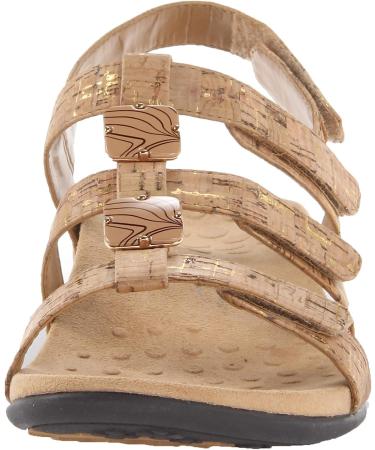 Vionic Rest Amber Women's Backstrap Sandal - Gold Cork, Size 8 - Buy Online on GoSupps.com
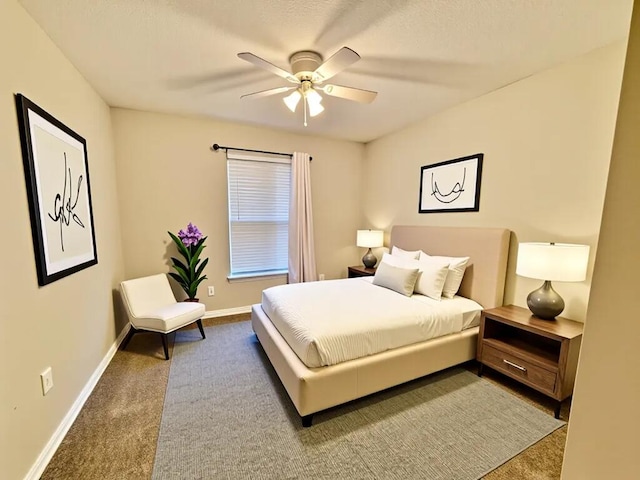 1413 Beaver Run Rd Unit 7, Niceville, FL 32578 - carpeted bedroom featuring baseboards and a ceiling fan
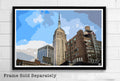 Empire State Building Illustration #2 - New York City Landscape Nyc Landmark - Poster | Canvas Wall Art Print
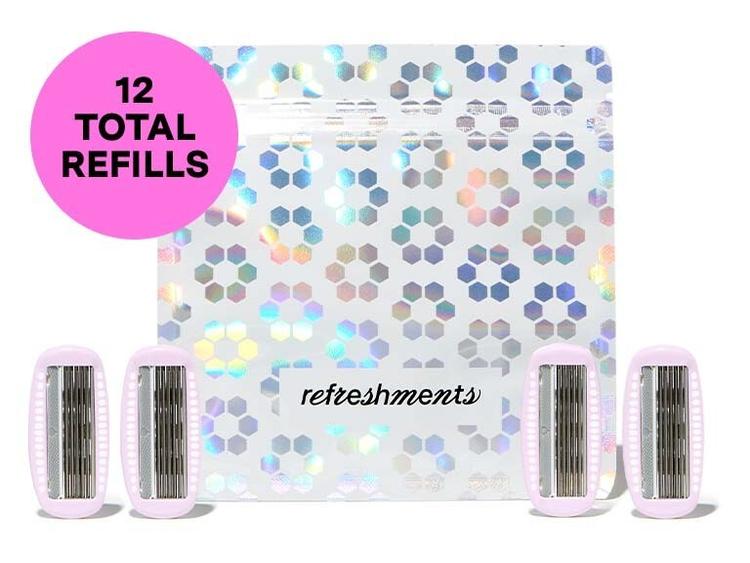Refreshments Razor Cartridge Refills (12 Pack)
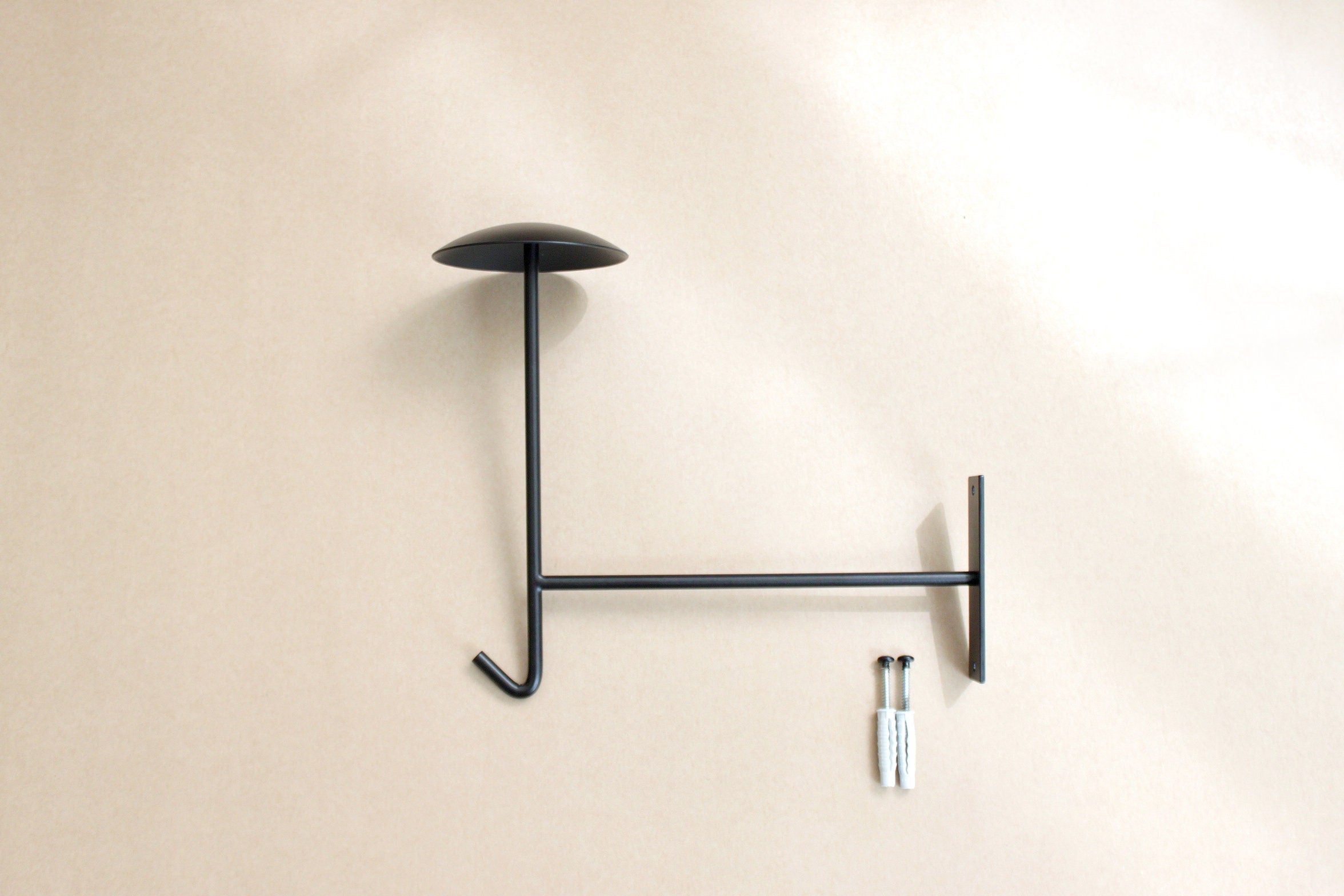 Wall Mount Hook: Helmet, Hat, Coat & Accessory Organizer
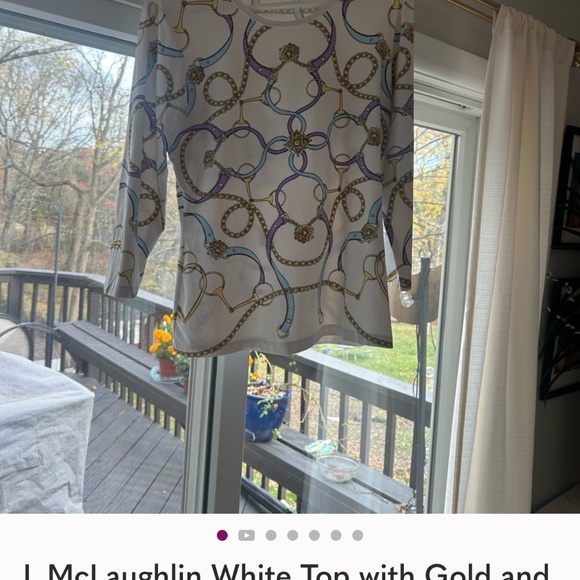 J Mlaughlin top excellent condition - Picture 3 of 5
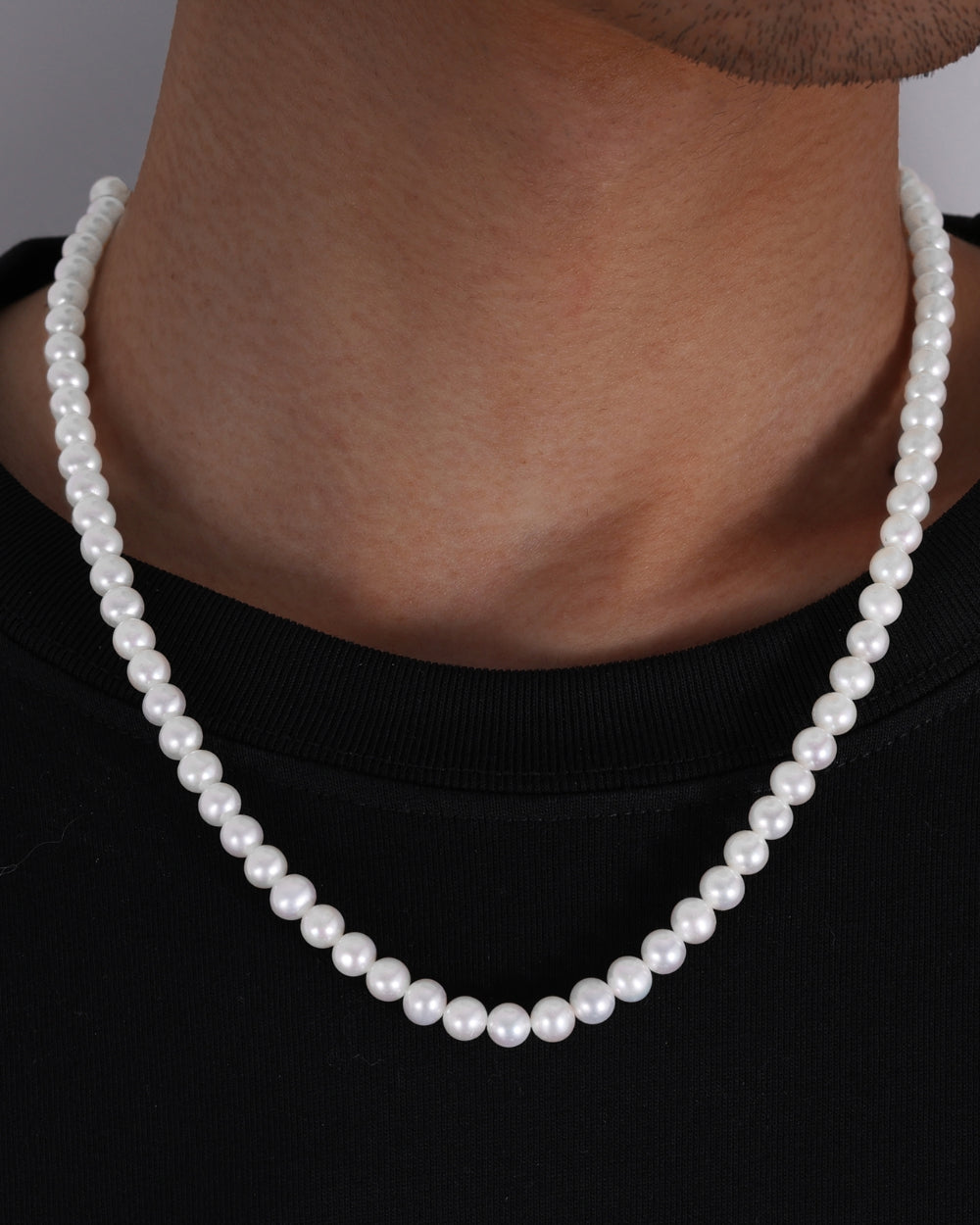 WATERPEARLS CHAIN. - 5MM 925 STERLING SILVER
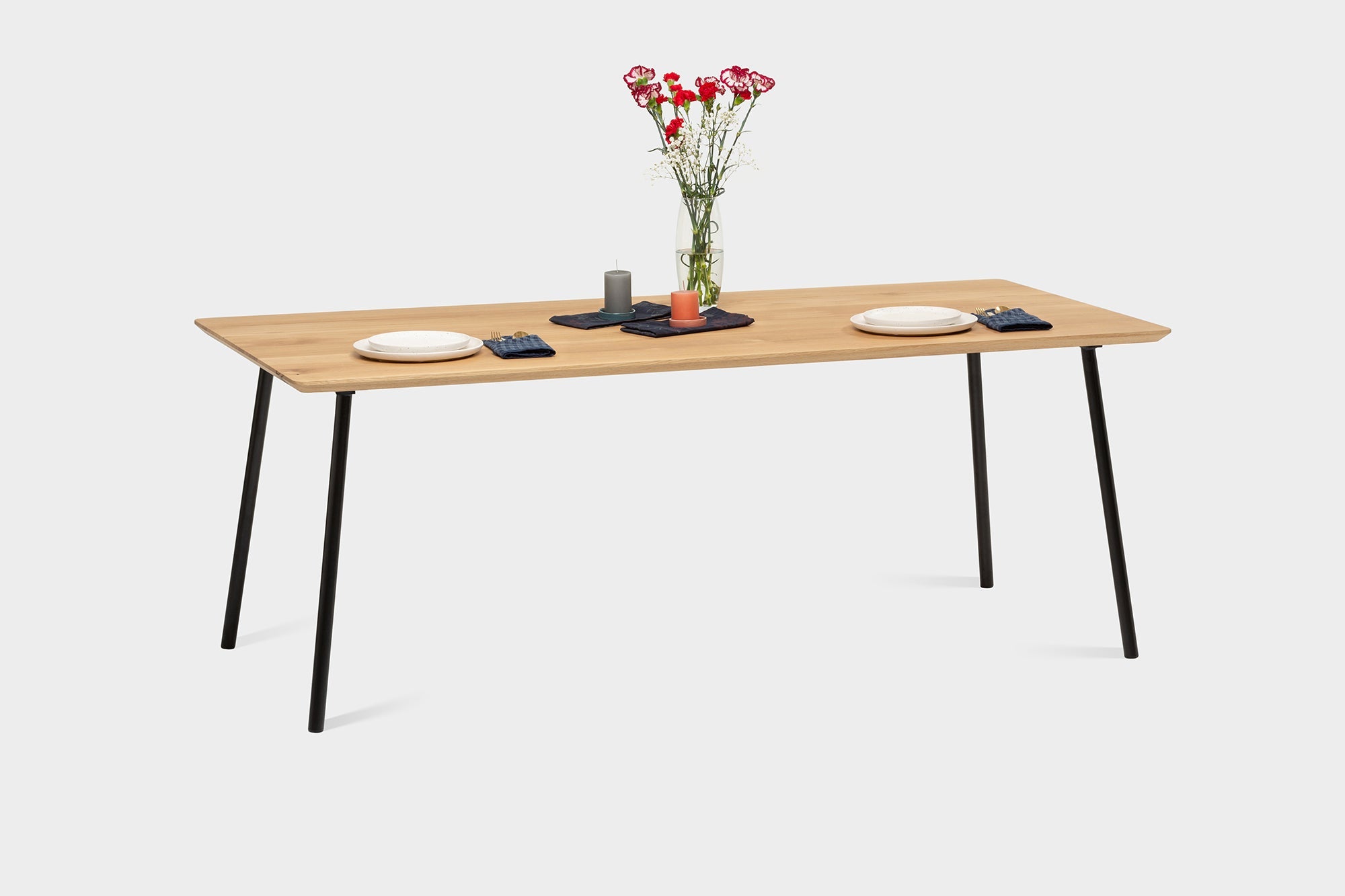 MARTA | Chêne Table | 200 x 90 x 3 cm | B83 Stock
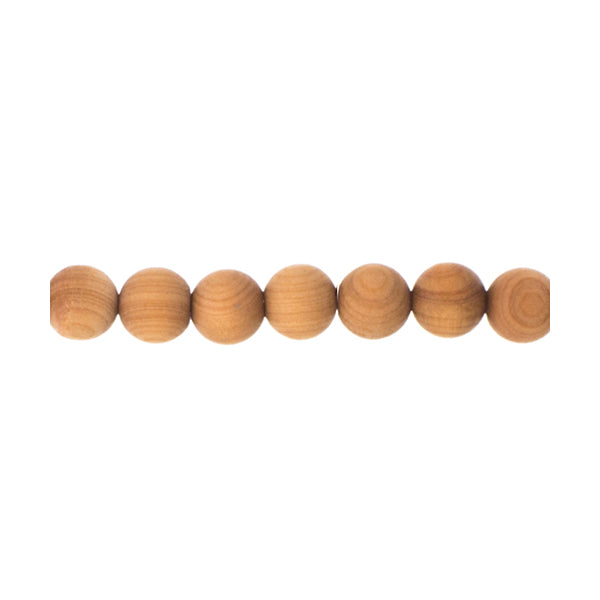 Wood Beads - 6 mm Round - Cedar Wood (strand)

----------------------------------------

__PROMPT__
Leaving the pictures out, transcribe the entries above exactly as written.

__SOLUTION TO THE PROBLEM__
 Vionic Rest Amber Women's Backstrap Sandal - Gold Cork, Size 8 - Buy Online on GoSupps.com
 1413 Beaver Run Rd Unit 7, Niceville, FL 32578 - carpeted bedroom featuring baseboards and a ceiling fan
 Empire State Building Illustration #2 - New York City Landscape Nyc Landmark - Poster | Canvas Wall Art Print
Refreshments Razor Cartridge Refills (12 Pack)
 Wall Mount Hook: Helmet, Hat, Coat & Accessory Organizer
 J Mlaughlin top excellent condition - Picture 3 of 5
 WATERPEARLS CHAIN. - 5MM 925 STERLING SILVER
 MARTA | Chêne Table | 200 x 90 x 3 cm | B83 Stock
 Wood Beads - 6 mm Round - Cedar Wood (strand)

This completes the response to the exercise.